Work request. Set the data down exactly as it stands, and keep its pictures out.

Data below.
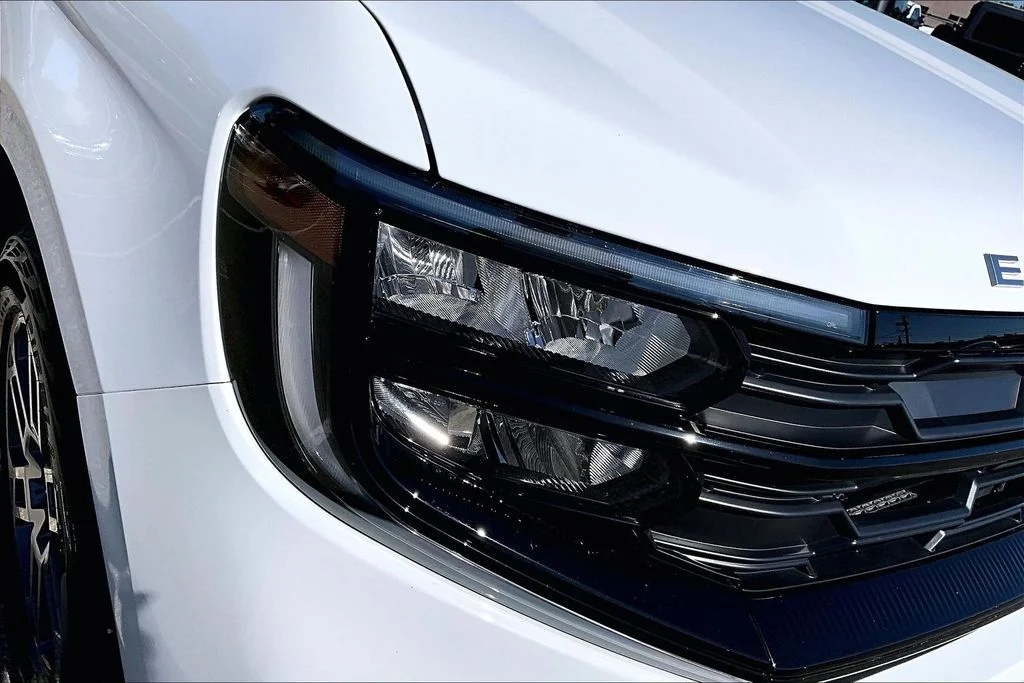 Certified Used 2025 Oxford White Ford Active image 30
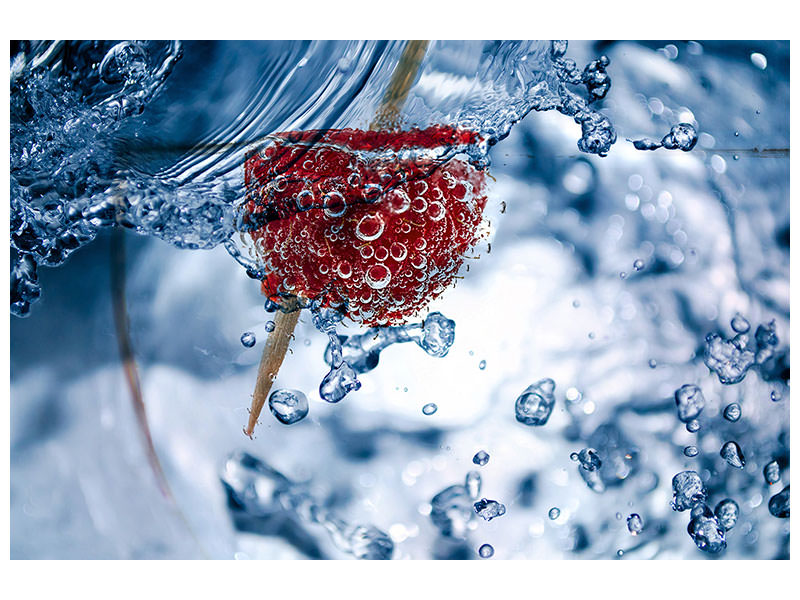 canvas-print-raspberry-in-the-water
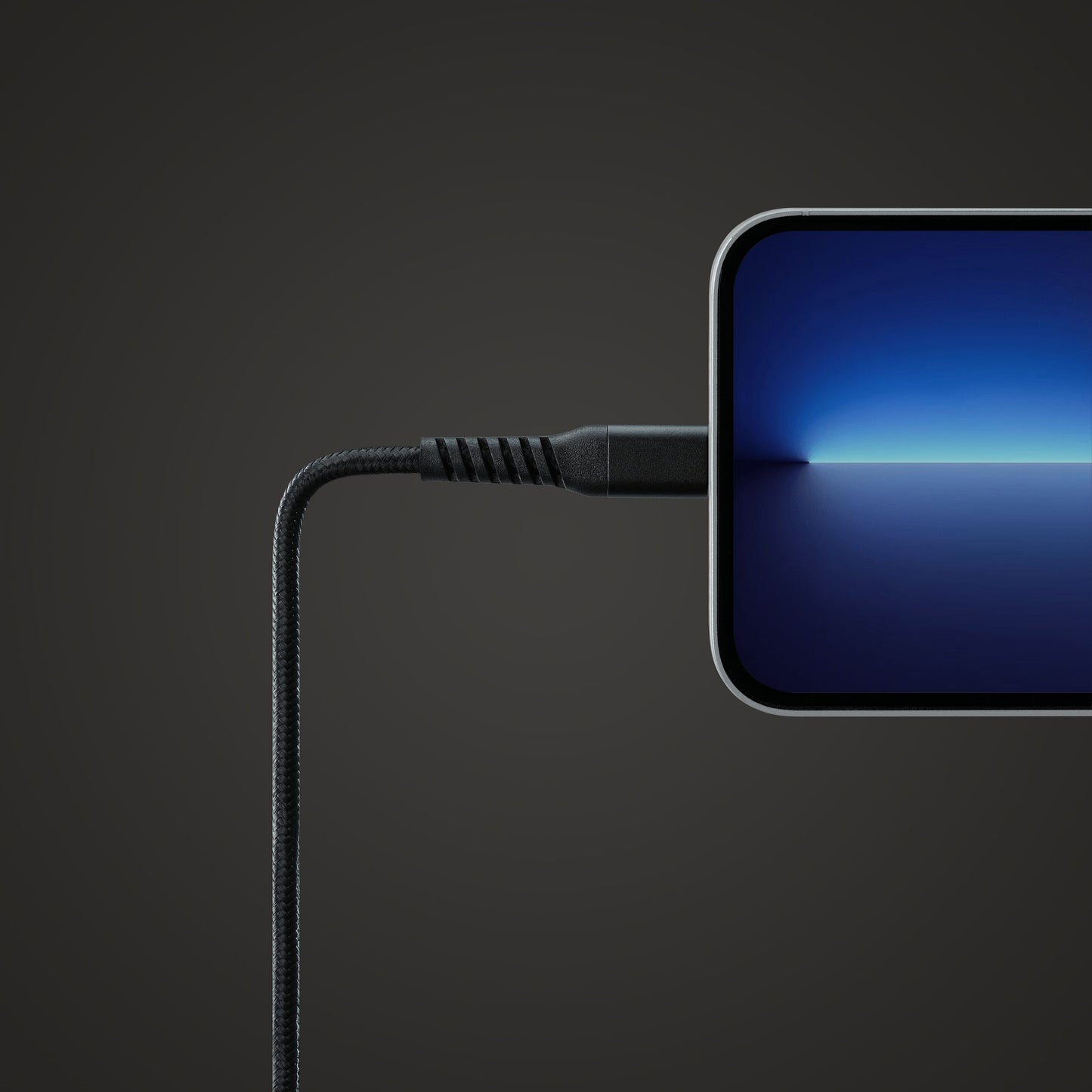 Smartphone med sort skærm, blå horisont, tilsluttet Premium Kevlar USB-C til Lightning-kabel MFi sort 0,5 m.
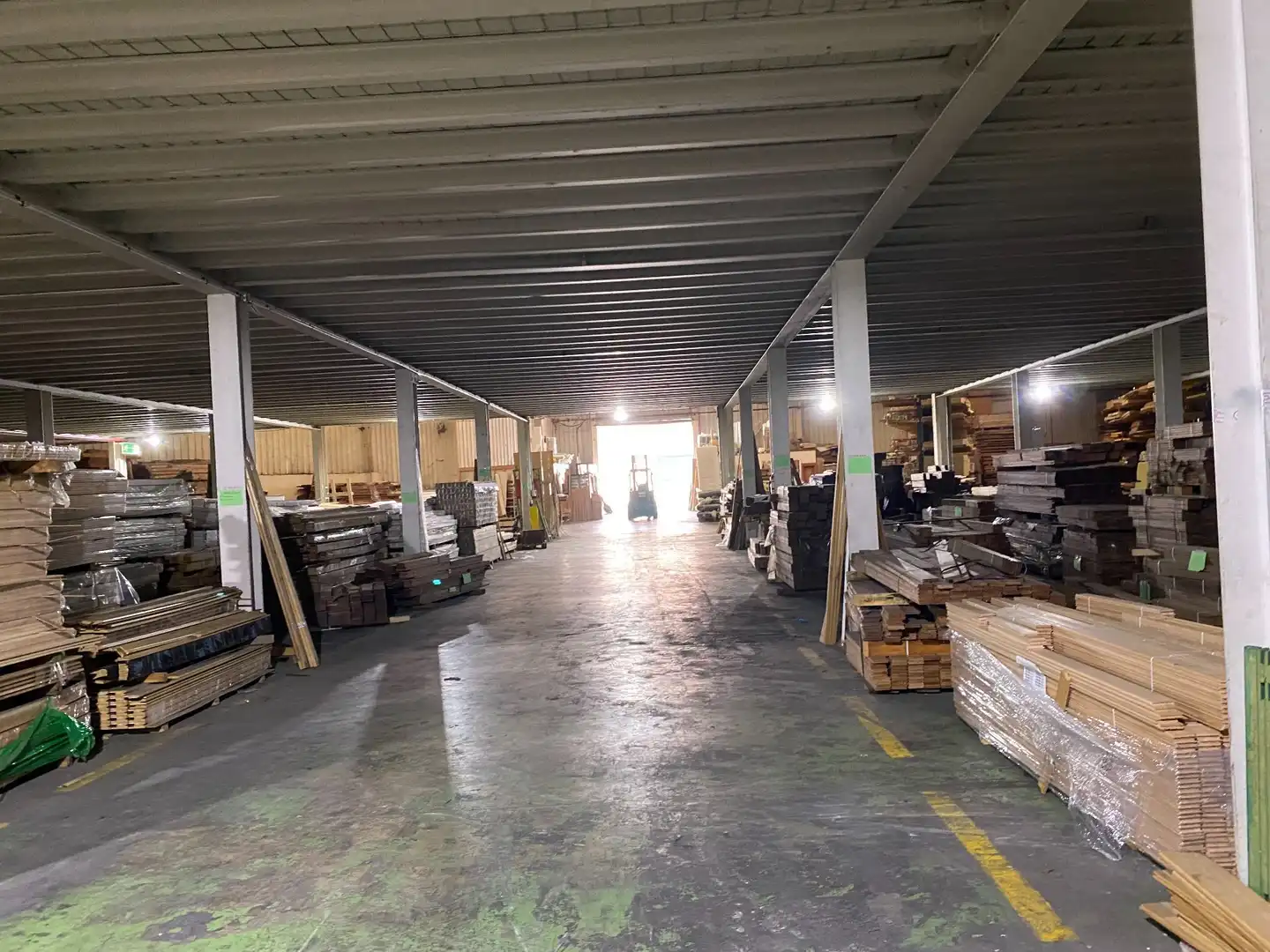 Industrial buildings for rent in Santander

Response to the task.
 Certified Used 2025 Oxford White Ford Active image 30
 canvas-print-raspberry-in-the-water
 Smartphone med sort skærm, blå horisont, tilsluttet Premium Kevlar USB-C til Lightning-kabel MFi sort 0,5 m.
 Industrial buildings for rent in Santander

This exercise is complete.